# WORK ORDER:
Begin at the line that has "Teruel reforzará la", stop after the line that has "Jorge Marín dimite", and print exactly those lines from the records below, without any pictures.

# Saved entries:
+++
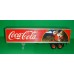 Plastimodelo Trailer Coca Cola Especial de Natal 1:25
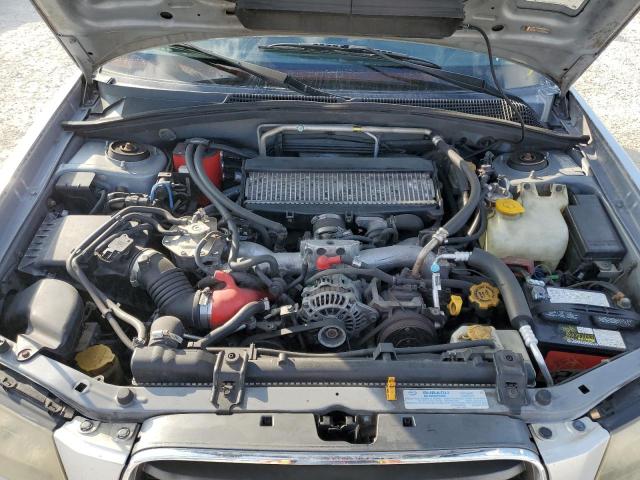 Photo 11 from auction – 2004 SUBARU FORESTER 2 with VIN JF1SG69614H702954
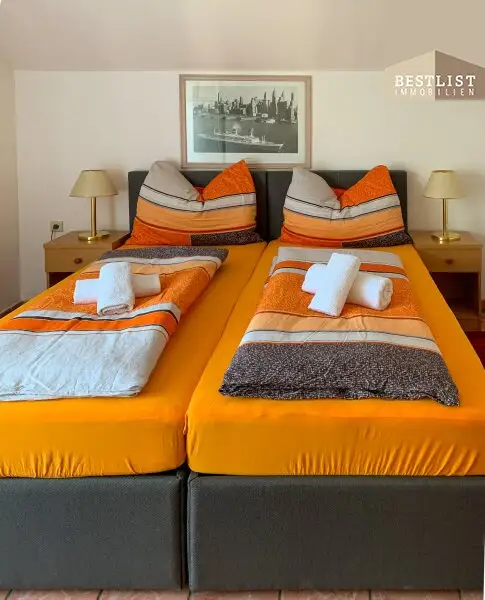 Etablierter, aktiver Pensionsbetrieb in Kritzendorf bei Klosterneuburg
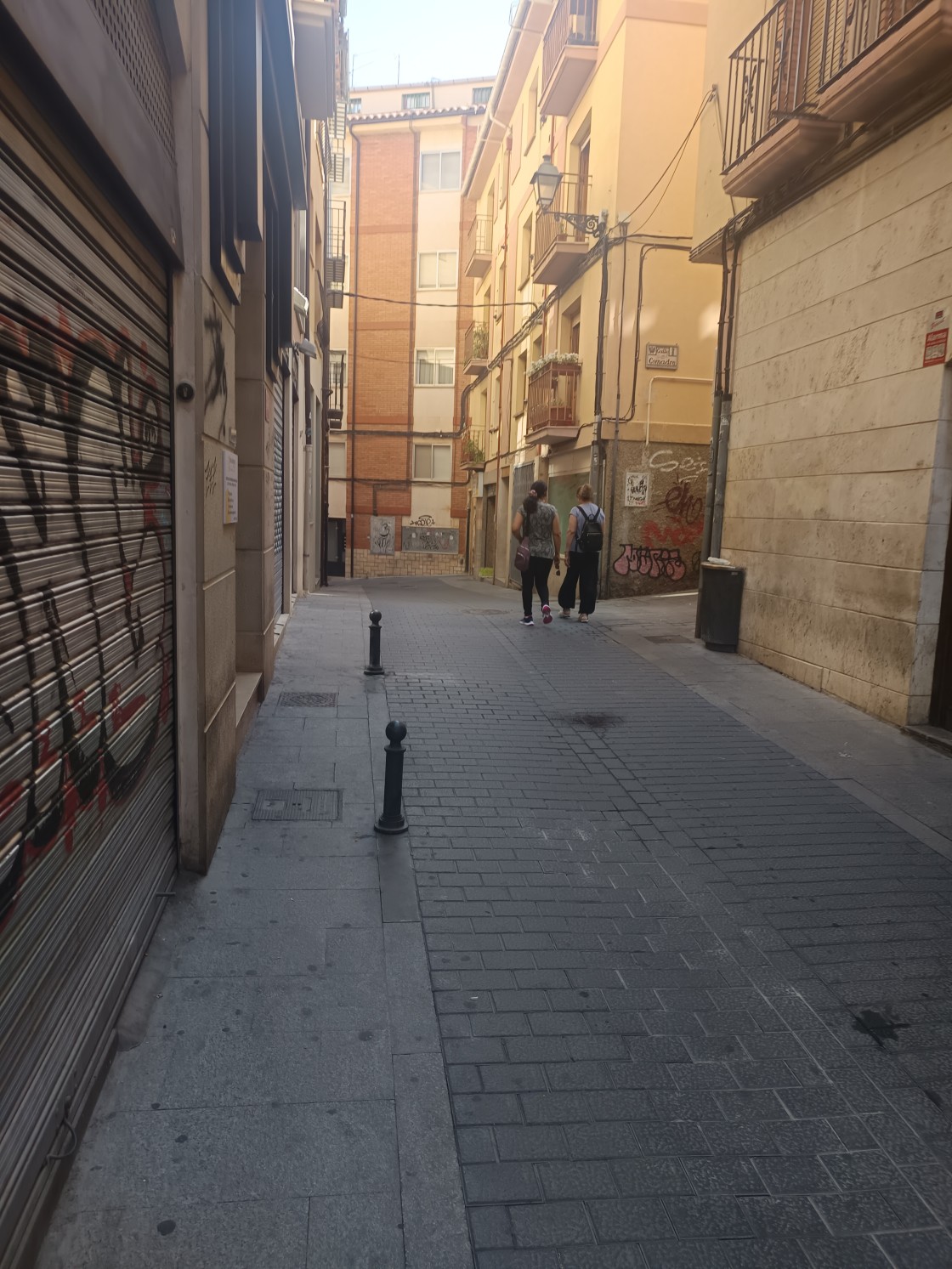 Teruel reforzará la vigilancia en zonas sensibles ante la preocupación vecinal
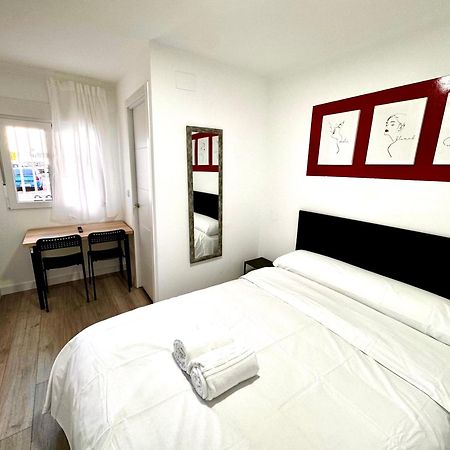 Rooms Rayo Madrid Kültér fotó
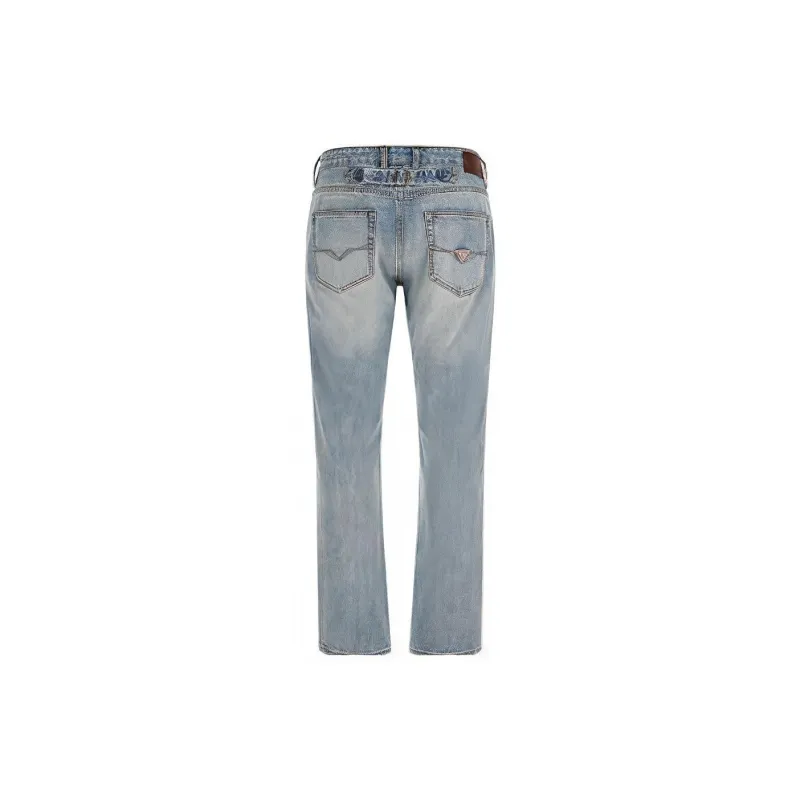 GUESS Jeans Men Light Blue-1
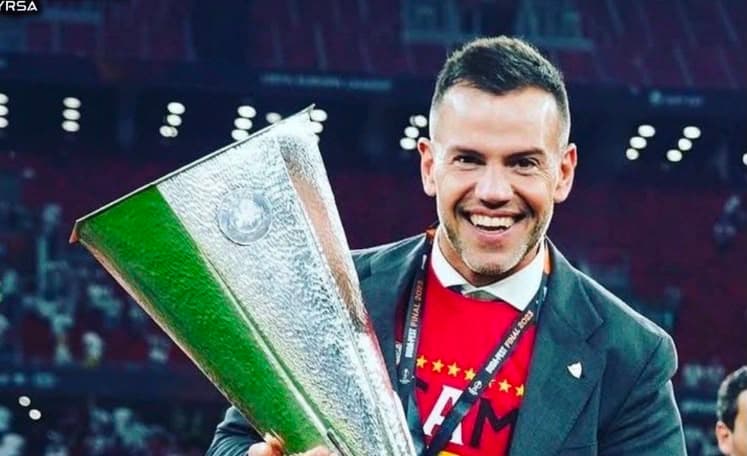 Jorge Marín dimite como miembro del Consejo de Administración del Sevilla FC por discrepancias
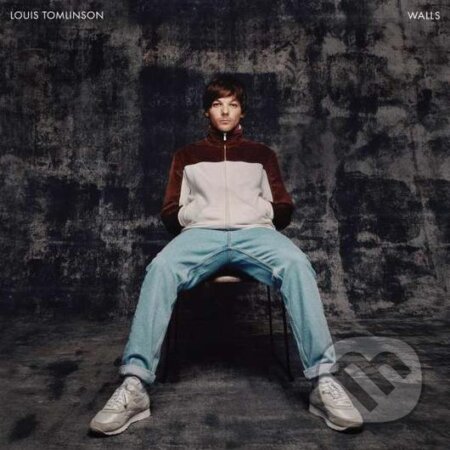 Louis Tomlinson: Walls LP - Louis Tomlinson, Hudobné albumy, 2020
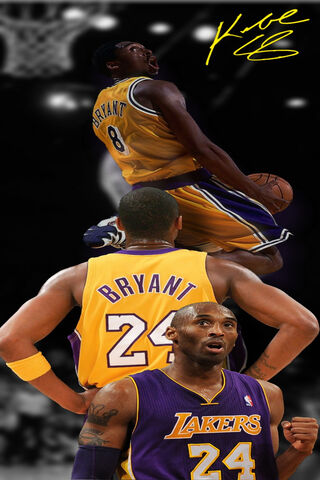 PHONEKY - Kobe Bryant HD Wallpapers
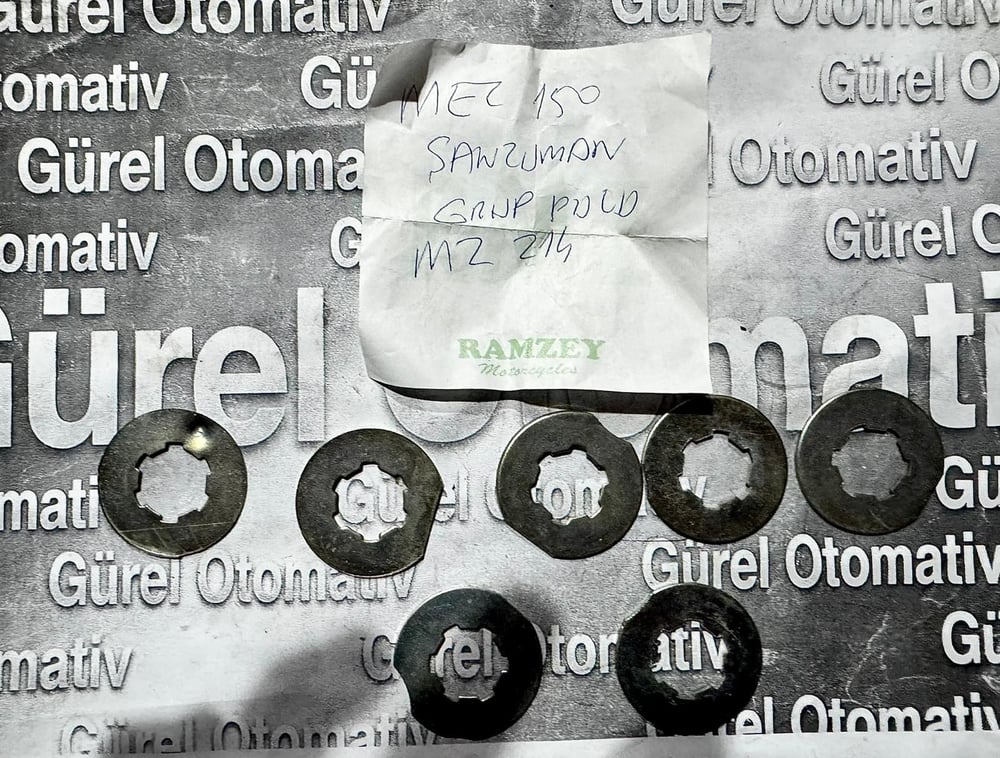 MZ 150 ŞANZUMAN GRUP PULUMZ YEDEK PARÇABELDEYAMA YEDEK PARÇA MOBYLETTE YEDEK PARÇA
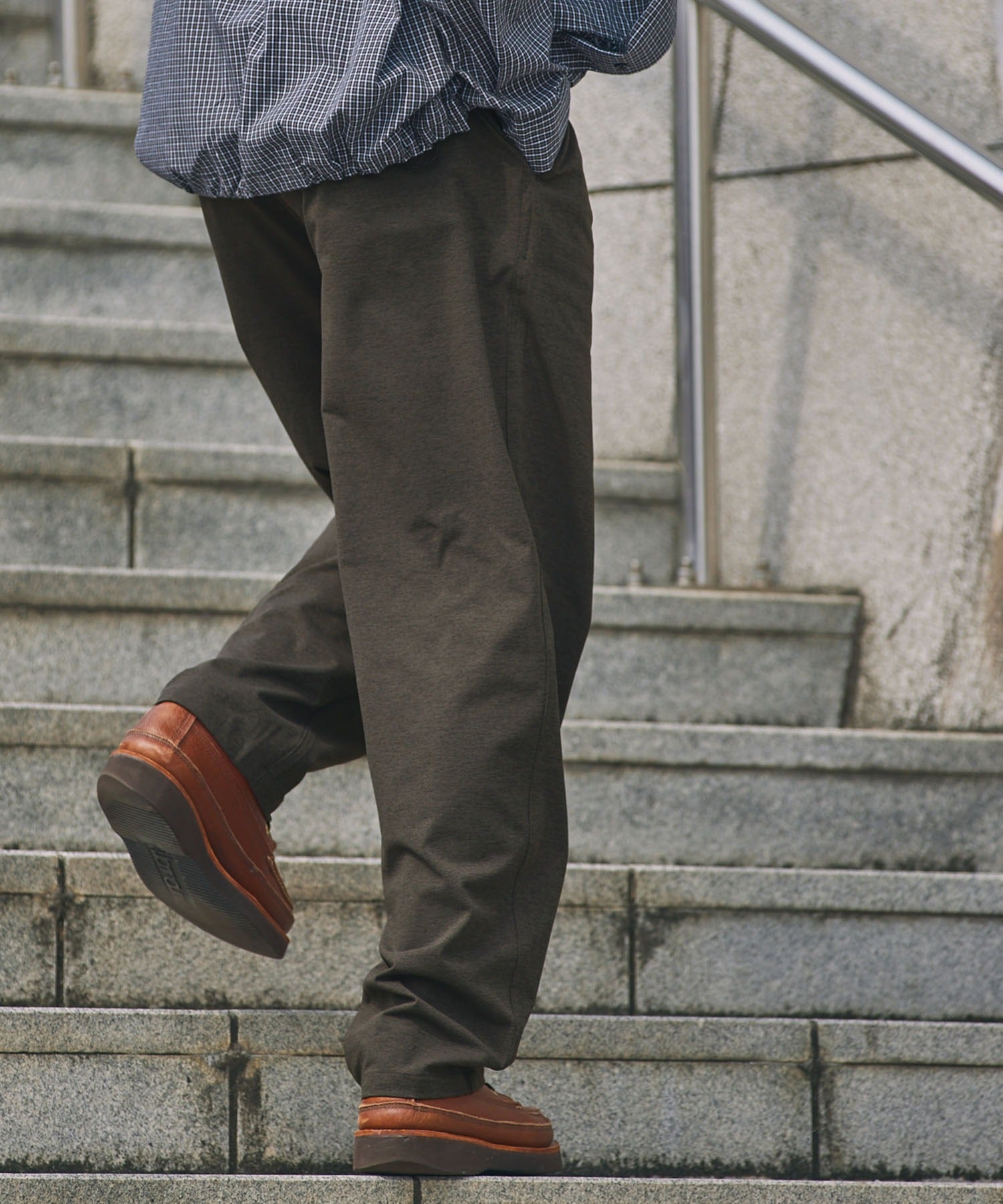 THE CRAFT CREW PRODUCTS / 機能 錐形 登山褲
+++
# TASK RESULT:
 Teruel reforzará la vigilancia en zonas sensibles ante la preocupación vecinal
 Rooms Rayo Madrid Kültér fotó
 GUESS Jeans Men Light Blue-1
 Jorge Marín dimite como miembro del Consejo de Administración del Sevilla FC por discrepancias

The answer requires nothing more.